When your list is NCOA processed, business or consumer addresses that have changed in the previous three and one-half years are updated before your mailing. It's generally cheaper and certainly better than doing "Change Service Requested" (formerly "Address Correction Requested"), which doesn't provide you updated addresses until after your mailing. Anytime you can increase the number of pieces delivered to your target market, you improve the response.

Make the headline count. Your direct mail piece has about three seconds to hook recipients. The headline must trigger their "what's in it for me?" reflex. That's why pitches like: "Lose 10 lbs. in 2 Weeks!" motivate many people to read on. Notice it says nothing about the product and everything about what the recipient stands to gain.

When you're writing headlines, "benefits" are more enticing bait than "features." By the way, there's an important piece of direct mail real estate that often gets overlooked. It's the space on the envelope or the address side of a post card. There's room for a teaser, such as "Valuable Coupons Inside." Just make sure the placement of the phrase meets postal requirements.

In addition to a good headline, your solicitation can be enhanced with a good postscript. Many people who only scan letters will read down to the P.S.

Be persistent. Many companies make the mistake of giving up on direct mail after one or two mailings. A rule of thumb in direct marketing is that you should mail to recipients, including your own customers, at least six times per year. Of course, you want to vary the content of your mailings, but give them a "family" look so that they're instantly recognizable as coming from your firm.

Make it easy to respond. What do you want the recipient to do? Call for information? Reply to a survey? Order a product? Visit your store? Too often, direct mailers forget to include a "call to action." Make it convenient for recipients to act. If you want them to call, clearly provide the phone number and hours. If you want them to respond to a survey, enclose a postage-paid reply envelope.

Test everything. Brainstorm about the many factors that can impact your results and do test mailings. Colors, headlines, lists, delivery time, paper stock and the time of year that you're mailing are just a few things to consider.

Before each mailing, take a sample of your direct mail piece to a USPS Business Mail Center if you live in an urban area, or to the person responsible for business mail in a smaller city. They'll advise you on how to prepare the mailing to qualify for postal discounts and to ensure speedy delivery. Always do one or more test mailings before you invest in a huge direct mail campaign.

Keep in mind that smaller can be better. Some companies find they get a better response to offers made on postcards. Postcards cost much less to mail than first class letters. Plus, they are less expensive to design and print than a full-blown mailing. The savings can be substantial.

Bulk Rate Rules

The U.S. Postal Service offers bulk mail discounts because you are expected to do some of the work that postal workers normally do, like sorting the mail a specific way, and using a designated post office.

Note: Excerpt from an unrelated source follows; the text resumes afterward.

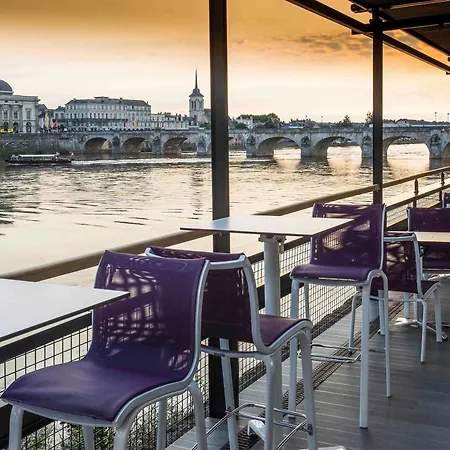 Mercure Bords De Loire 4* 쏘뮤흐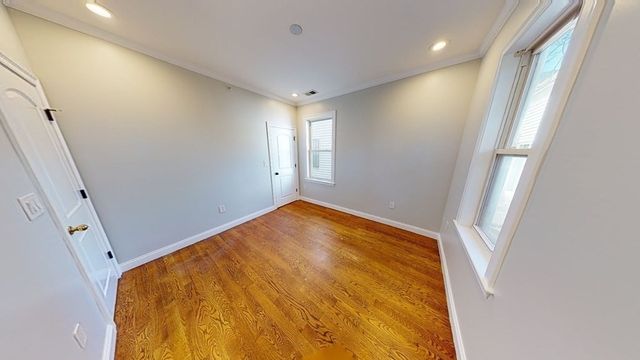 27 Chestnut Avenue 1, Boston, MA 02130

All parties benefit. You get lower mailing costs in exchange for the investment of time and technology, and the Postal Service reduces its costs. According to the U.S. Postal Service, to use bulk mail you must:

  • Get a bulk mail permit and pay an annual fee.
  • Pay postage using precanceled stamps, a postage meter, or a permit imprint.
  • Use smart choices for mailings, such as size, shape, and weight of pieces.
  • Ensure addresses are accurate, and presort mail by zip code.
  • Take your mail to the post office where you have your permit.